To what extent women feel alienated remains unclear: most interviews for this article were conducted from a randomly generated list of voters who had been surveyed in a recent New York Times/CBS News poll, and their responses are anecdotal, not conclusive. But the latest comments from the Republican candidates and in the right-wing media, aimed at energizing the party’s conservative base, have been enraging to some women.

So the New York Times ran a push poll, essentially. And even then they weren’t that successful.

OK, so you know what you’re supposed to think, if you read the Washington Post and the New York Times: those ladies with their lady parts are taking to their fainting couches over the GOP’s war on women. And women don’t care about religious liberty or any other issue. They’re really motivated by hyped up stories about contraception.

So how devastated are the Republican candidates? How much of a bump is President Obama seeing in these polls? First, we’ll look at the Boston Globe, which writes about how Elizabeth “contraception” Warren isn’t faring as well as she’d hoped against Sen. Scott “religious liberty” Brown:

But, if several of the recent polls are correct, Brown may have benefited from his positions on social issues in the last few weeks, such as the one over whether Catholic institutions should be forced to provide contraception in their health care plans for workers.
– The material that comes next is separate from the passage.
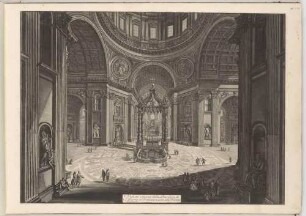Veduta interna della Basilica di S. Pietro in Vaticano vicino alla Tribuna (Innenansicht der Vierung von St. Peter), aus der Folge "Vedute di Roma"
Hmm. Maybe what the Post and New York Times claim about female voters is limited to the presidential race?

Well, the Washington Post has a new poll out that shows President Obama is losing support from both men and women. The only thing to suggest that the “war on women” meme was helpful to Obama is that when his support declined among women, it declined less than it did among men. (By the way, you simply must read the whole report linked here (“Obama Fares Worse Among Women after Month-Long Contraception Mandate Battle”) for details on how Tumulty’s original story was a bit overheated. It sounds like it changed dramatically after reporter John McCormack took her to task, although I don’t see her corrections and revisions indicated at the bottom of the story…)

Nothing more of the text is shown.